**What the task asks:** Restate each entry exactly, without pictures.

**Dataset entries:**
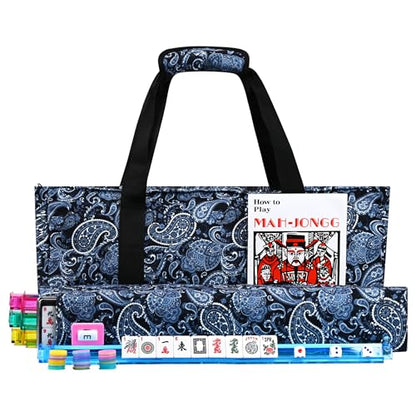 American Mahjong Tile Set Include 166 Tiles 4 All-in-One Mahjong Racks/Pushers with Blue Carrying Bag Complete Mahjong Game Set - color: Blue Pattern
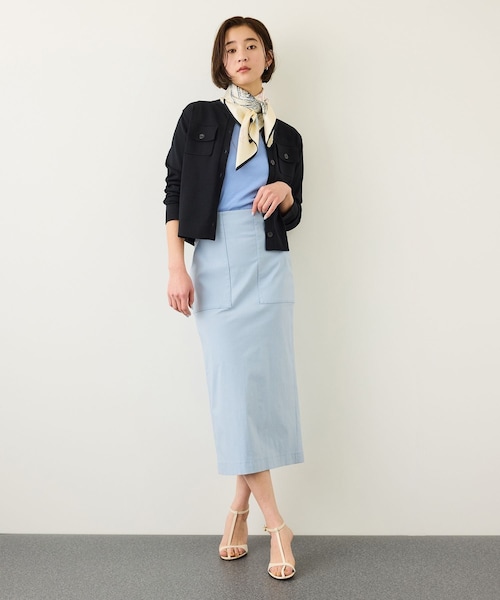ROPE'（ロペ）の「コンフォートリブハーフスリーブカットソー(5分袖)/イージーケア・接触冷感（Tシャツ/カットソー・レディース・ブラック/ブラウン/サックス・F）」の10枚目の写真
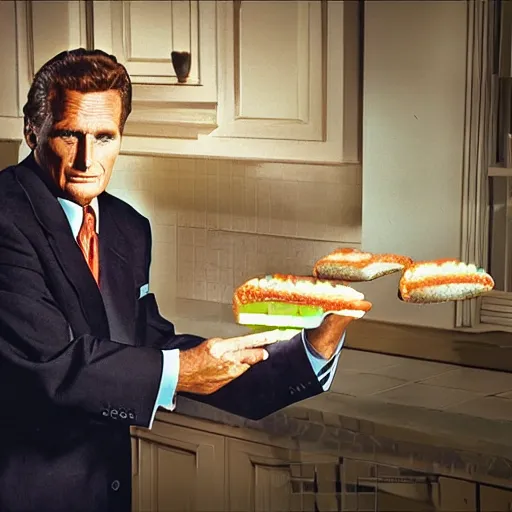 Prompt: robert stack unsolved mysteries solving the mystery of the missing jelly sandwich 1 9 9 4, ( sony a 7 r iv, symmetric balance, polarizing filter, photolab, lightroom, 4 k, dolby vision, photography awardm, voque, perfect face )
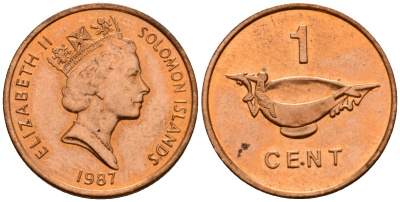 Соломоновы острова 1 цент 1987 Елизавета II (1953-) KM 24 сталь плакированная бронзой aUNC 4602-851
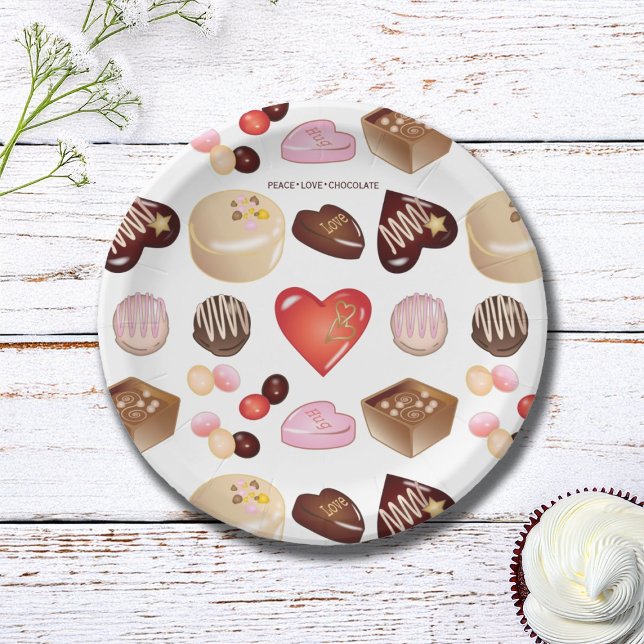 Personalized Modern Chocolate Candy Heart Paper Plate (Creator Uploaded)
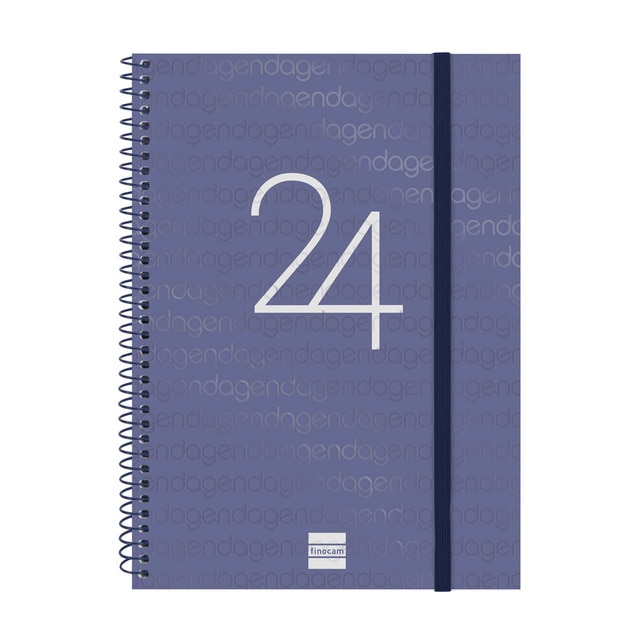 Agenda año 2024 Espiral Year E10 - 155x212 semana vista horizontal Finocam azul catalán.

**Solution for this exercise:**
 American Mahjong Tile Set Include 166 Tiles 4 All-in-One Mahjong Racks/Pushers with Blue Carrying Bag Complete Mahjong Game Set - color: Blue Pattern
ROPE'（ロペ）の「コンフォートリブハーフスリーブカットソー(5分袖)/イージーケア・接触冷感（Tシャツ/カットソー・レディース・ブラック/ブラウン/サックス・F）」の10枚目の写真
 Prompt: robert stack unsolved mysteries solving the mystery of the missing jelly sandwich 1 9 9 4, ( sony a 7 r iv, symmetric balance, polarizing filter, photolab, lightroom, 4 k, dolby vision, photography awardm, voque, perfect face )
 Соломоновы острова 1 цент 1987 Елизавета II (1953-) KM 24 сталь плакированная бронзой aUNC 4602-851
 Personalized Modern Chocolate Candy Heart Paper Plate (Creator Uploaded)
 Agenda año 2024 Espiral Year E10 - 155x212 semana vista horizontal Finocam azul catalán.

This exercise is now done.